Two weeks ago, FiveThirtyEight’s Harry Enten discussed a highly publicized, though likely fake, poll that showed musician Kid Rock as a strong contender for US Senator of Michigan. (By the way, the link to the original poll results is no longer available.)

Fake polls are certainly problematic when they're used to frame and support arguments. As Enten points out, poll results can influence donors and voters, making polling results a sort of self-fulfilling prophecy. And as internet surveys become easier to conduct, the number of poorly conducted polls is likely to increase:
There is no power on earth that can or will keep politicians from cherry-picking polling data to get press, raise donations, or simply boost internal campaign morale. The bad news Enten shares is that the number of “pollsters” generating questionable data is rising, and could rise even more in the very near future.

Some political observers will prove to be suckers for phony or slanted polls, while others will throw the baby out with the bathwater and refuse to look at polling data altogether, relying instead on disingenuous “insider” assessments of elections or, worse yet, making anecdotes a substitute for analysis (anyone can sound superficially informed by talking to preselected groups of voters and gleaning predictable insights).
That quote above comes from a New York Magazine article discussing Enten's work. But the conclusion they draw from the rise of bad polling is very likely: people will respond to poll results that turn out to be inaccurate by simply disbelieving any poll results. In fact, we've probably already begun to see it in part due to the fact that, though polls had Hillary Clinton winning the Presidency, Trump won instead.

Yes, it's happened before:


And yes, we've always had a problem with politicians cherry-picking poll results to only pay attention to and present polls that are favorable to them. And, oh by the way, yes, we have a numerical and scientific literacy problem in this country, that goes back quite a ways - certainly before Trump won the Presidency.

The problem is that now we have a person in the White House who not only cherry-picks poll results - which has to be challenging considering how poorly he does in most polls - but has actually said he only believes results that are favorable to him.
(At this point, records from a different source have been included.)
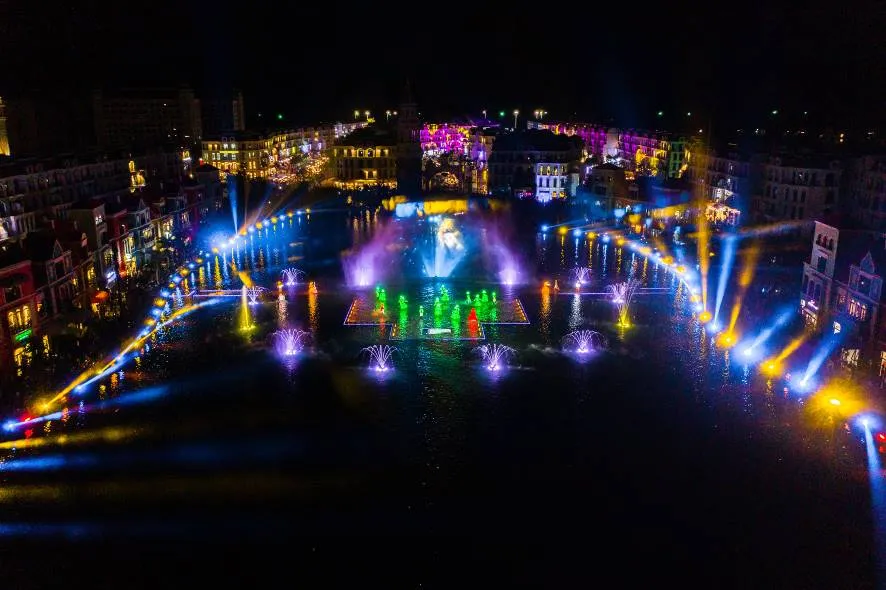 Choáng ngợp trong đêm công diễn “Sắc màu Venice”  ảnh 4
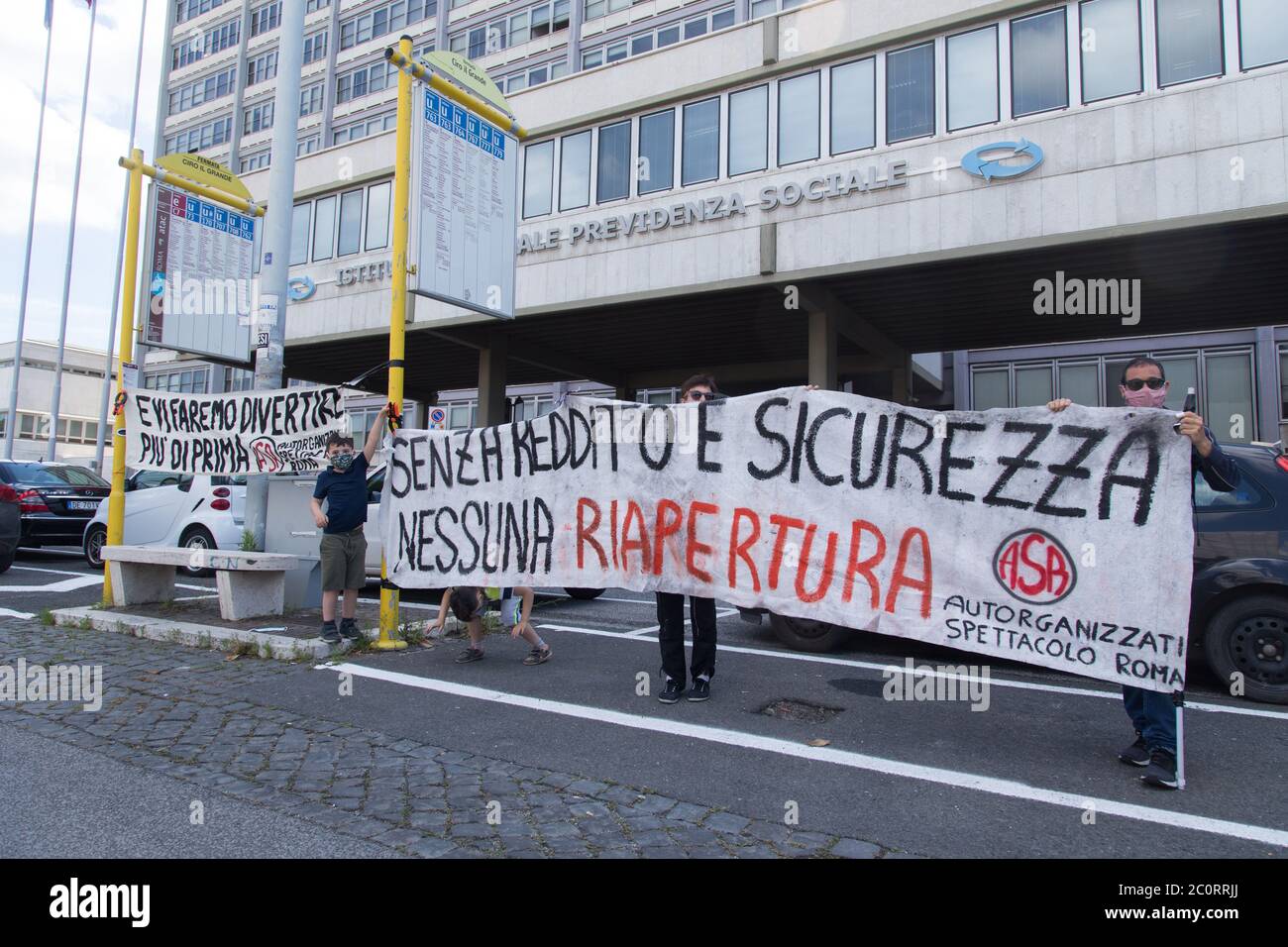 Roma, Italien. Juni 2020. Sitz vor dem Sitz des Istituto Nazionale della Previdenza Sociale (INPS) in Rom, organisiert von den selbstorganisierten Arbeitern der Unterhaltungsbranche, um die Zahlung der von der italienischen Regierung versprochenen Prämien und die Aufhebung der Regeln der sozialen Distanzierung zu verlangen. (Foto von Matteo Nardone/Pacific Press) Quelle: Pacific Press Agency/Alamy Live News Stockfoto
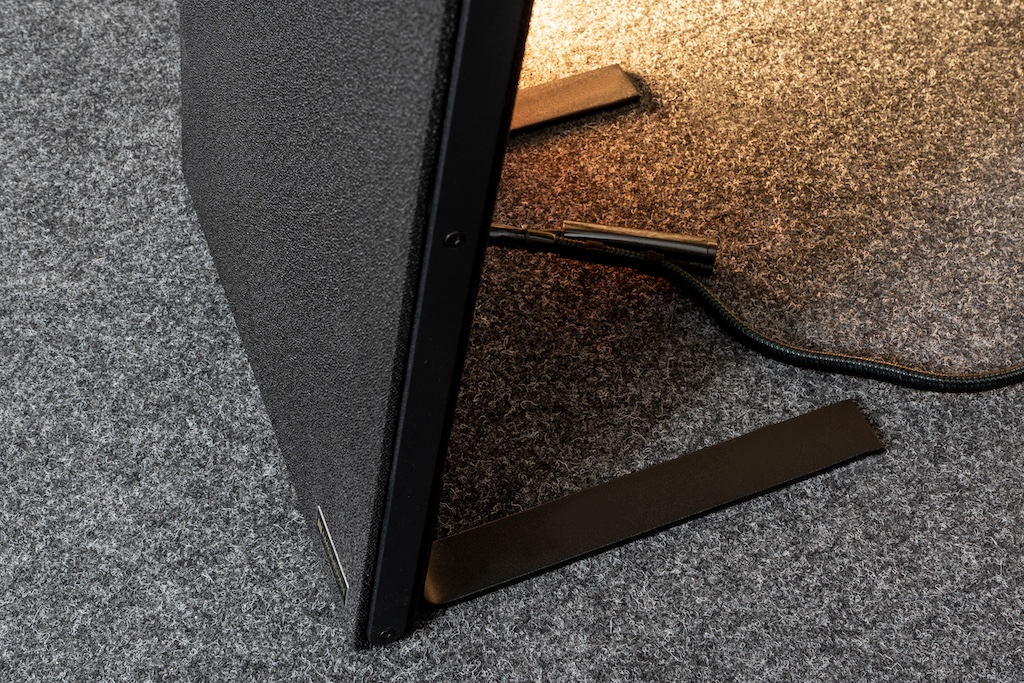 Für den sicheren Stand und die gewünschte Neigung des Magnetostaten sorgen einfache, aber funktionelle Metallfüße. Eine etwas schickere Fußvariante ist als optionales Upgrade erhältlich.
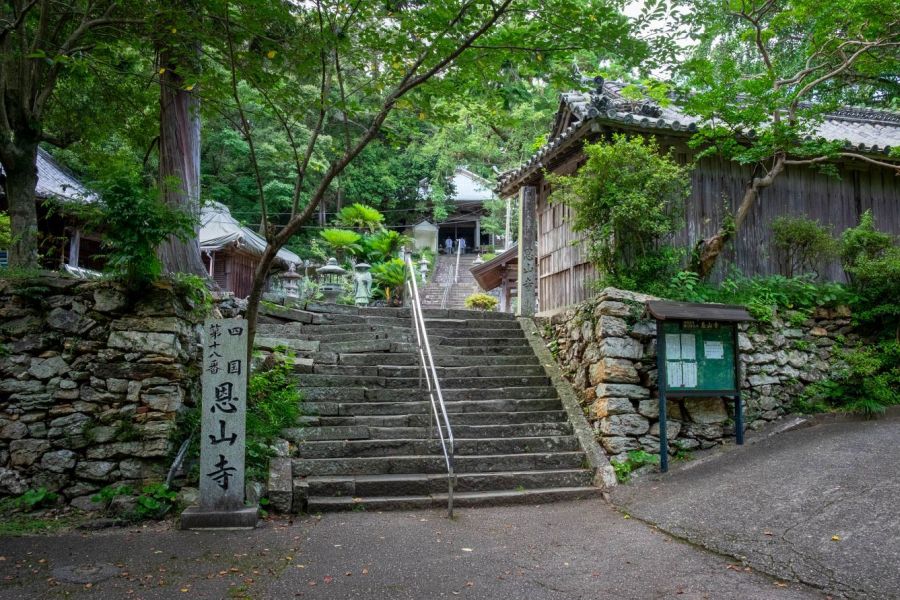 T18 Onzan ji Temple steps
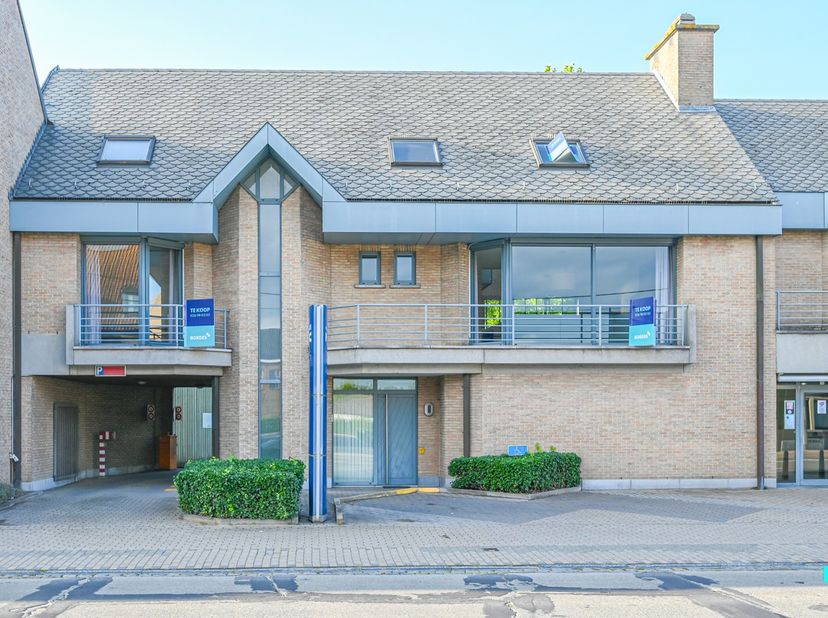 Ontdek dit luxueus duplex appartement met 3 ruime slaapkamers gelegen in Desselgem. Het appartement heeft een bewoonbare oppervlakte van maar liefst 3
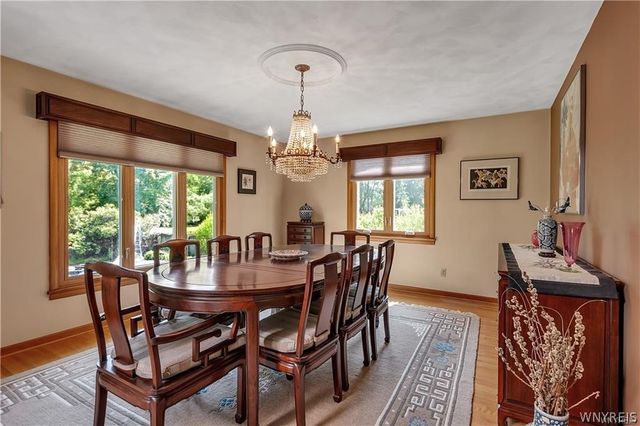 9325 Hunting Valley Road North, Clarence, NY 14031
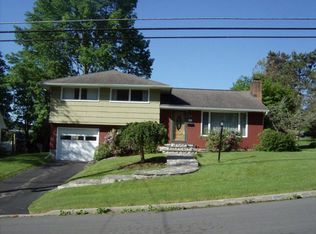 21 Holiday Hl, Endicott, NY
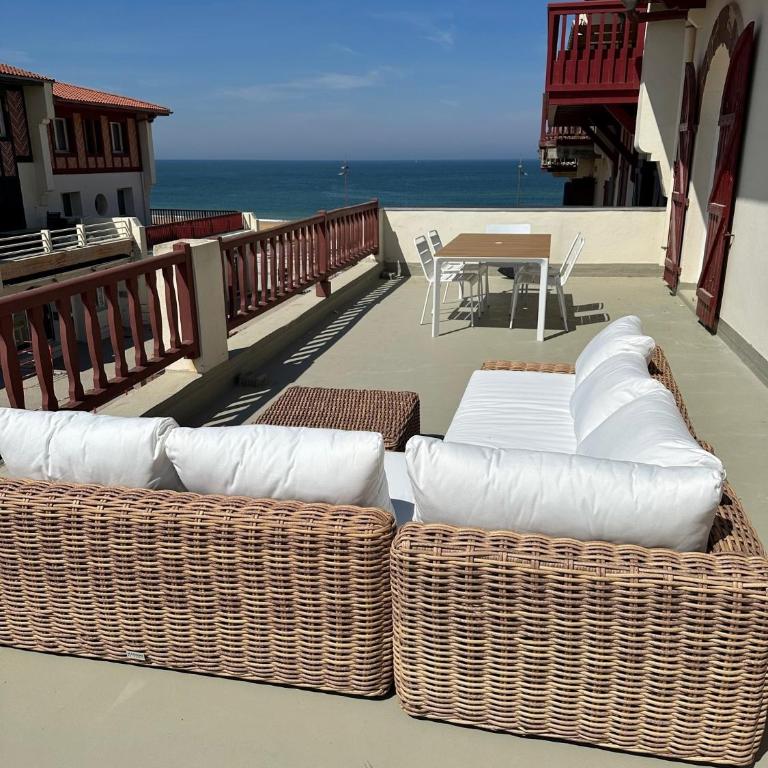 Le Coolin Loft, Vue et Acces directe à la plage, immense terrasse, place des landais Hossegor, quartier très animé, idéal pour un séjour entre amis - Apartment mit 3 Schlafzimmern - 8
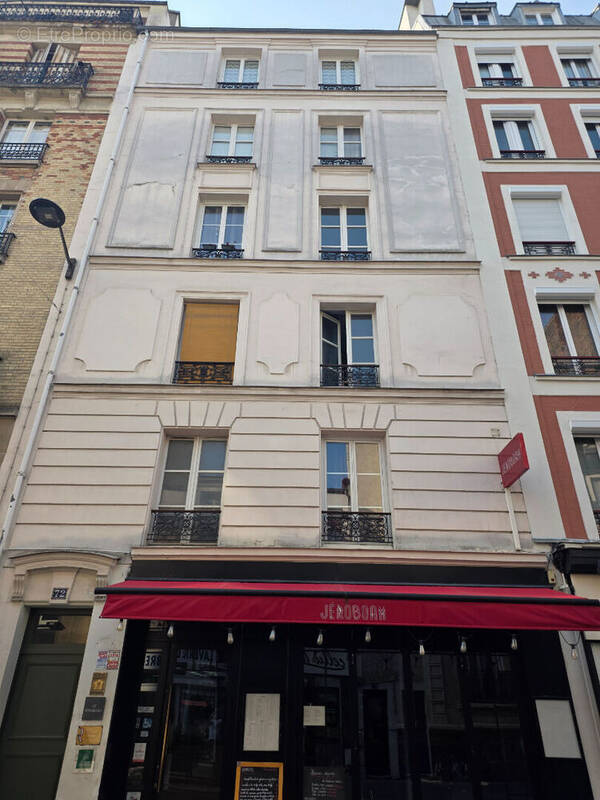Appartement à PARIS-14E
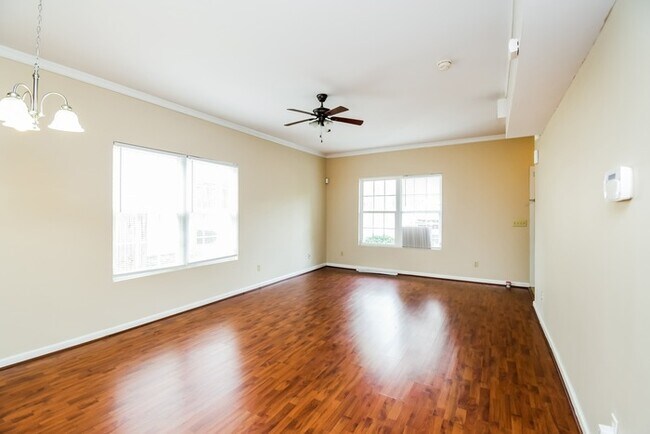 Building Photo - Lovely 2 Story with Plenty of Yard Space!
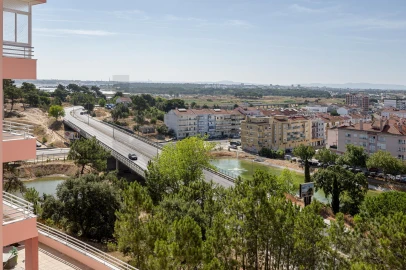 Apartamento T3 para Venda em Corroios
Verbalizing that issue combined with these examples of bad polls popping up more often is likely going to give people without the knowledge of what makes a poll good or bad license to do the same as Trump. At the very least, bad polling is going to hurt the public's trust in polling in general, even outside of politics.

It appears some are recognizing that Trump's attitude toward polls reflects his lack of competence as opposed to problems with the nature of polling. But among his base - that is, the people who go along with him the majority of the time - we're likely to continue to see lack of trust in polling, cherry-picking of results, and a blurred line between opinion and fact.